Художник Византийской школы хотел, напр., выразить, что крест Господень есть древо жизни, от коего питаются все твари земные и которое под своим кровом содержит все живущее: и этот животворящий крест с распятием является блистательным и плодотворным цветом царственного древа; от корня же его истекает живоносный родник в утоление жаждущим, а многоцветные ветви вьются кругами и расстилаются по церковному своду, объемля собою многоразличных зверей, птиц и людей. Такова, напр., мозаика в старинной церкви Св. Климента в Риме. [2102]
Безусловно, есенинский образ дерева – прародителя всего рода людского – опирается на библейский мотив запрета Богом первым двум людям – Адаму и Еве – вкушения плодов с райского древа познания. Как указывают богословы, человек узнал «о Боге тогда, когда Бог явился ему в раю и дал заповедь о невкушении от древа познания добра и зла». [2103] Вообще образ райского дерева фигурирует в Библии неоднократно. В «Откровении Иоанна Богослова» говорится: «Среди улицы его, и по ту и по другую сторону реки, древо жизни, двенадцать раз приносящее плоды, дающее на каждый месяц плод свой; и листья дерева – для исцеления народов» (Откр. 22: 2).

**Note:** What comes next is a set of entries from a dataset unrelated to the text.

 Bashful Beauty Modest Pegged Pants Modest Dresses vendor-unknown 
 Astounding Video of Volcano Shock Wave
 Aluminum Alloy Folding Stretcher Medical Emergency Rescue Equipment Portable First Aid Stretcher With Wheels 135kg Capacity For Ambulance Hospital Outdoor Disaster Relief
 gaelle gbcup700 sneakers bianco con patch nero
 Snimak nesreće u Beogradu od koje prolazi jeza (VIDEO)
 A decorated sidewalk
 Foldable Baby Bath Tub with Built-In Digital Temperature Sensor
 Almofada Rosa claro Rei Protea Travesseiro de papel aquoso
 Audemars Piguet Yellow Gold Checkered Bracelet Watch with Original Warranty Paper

Есенин соединил в авторской трактовке три «мировоззренческих текста»: 1) библейскую притчу о вкушении первой семейной парой плодов с райского древа познания; 2) фольклорно-свадебный мотив об угощении жениха с невестой «наливными яблочками», способствующими будущему зачатию ребенка (на Рязанщине были распространены эти свадебные песни); 3) народное название кадыка «Адамовым яблоком». Конкретную породу библейского дерева можно отбросить, посчитать его видовую принадлежность несущественной (тем более, что при переводе Библии на разные языки возникали разные толкования «древа познания» как гранатового у южных народов, яблони на Руси и другого плодового дерева). В результате творческой метаморфозы ветхозаветного «древа познания» в художественном сознании Есенина появилось надмирное древо, породившее род людской. Но и в сочинениях Есенина обобщенное главное мировое древо не осталось абстрактным, а получило свое дальнейшее развитие в воплощении во множестве своих ипостасей.
Как развитие идеи мирового древа Есенин в статье «Быт и искусство» (1920) высказал суждение, используя определенную породу дерева: «Северный простолюдин не посадит под свое окно кипариса, ибо знает закон, подсказанный ему причинностью вещей и явлений. Он посадит только то дерево, которое присуще его снегам и ветру» (V, 219). Конечно, Есенин проводил параллель между закономерностями искусства и нормами обыденной жизни, однако его мысль имеет и чрезвычайно глубинный смысл, причем кипарис избран не случайно и не может быть заменен ни на одно другое дерево. Образ кипарисового дерева характерен для христианской символики, используемой в книжности и народных духовных стихах, и в этом плане традиционен.
Статья «Быт и искусство» (1920) тематически и содержательно продолжает художественно-философскую линию «Ключей Марии» (1918), пронизанную хлыстовской символикой. В книге «Песни русских сектантов мистиков» (1912) в «Объяснительном словаре» Т. Рождественского помещено толкование иносказанию: «Древа “кипарисные, виноградные, чистые” и т. п. – сами сектанты, олицетворяемые под образом деревьев в саду “Батюшки”. В более тесном смысле под названием “кипарисных” деревьев разумеются у хлыстов лучшие жены их секты». [2104] Возможно, Есенин читал этот труд или ознакомился с хлыстовской символикой через Н. А. Клюева. Именно с ним и с собой, позврослевший на 2 года Есенин вел скрытую полемику В «Быте и искусстве», отталкиваясь от прежнего цитирования строк своего друга-недруга в «Ключах Марии»: «…люди блаженно и мудро будут хороводно отдыхать под тенистыми ветвями одного преогромнейшего древа, имя которому социализм, или рай, ибо рай в мужицком творчестве так и представлялся… где “избы новые, кипарисовым тесом крытые” <цитата из Н. А. Клюева>» (V, 202).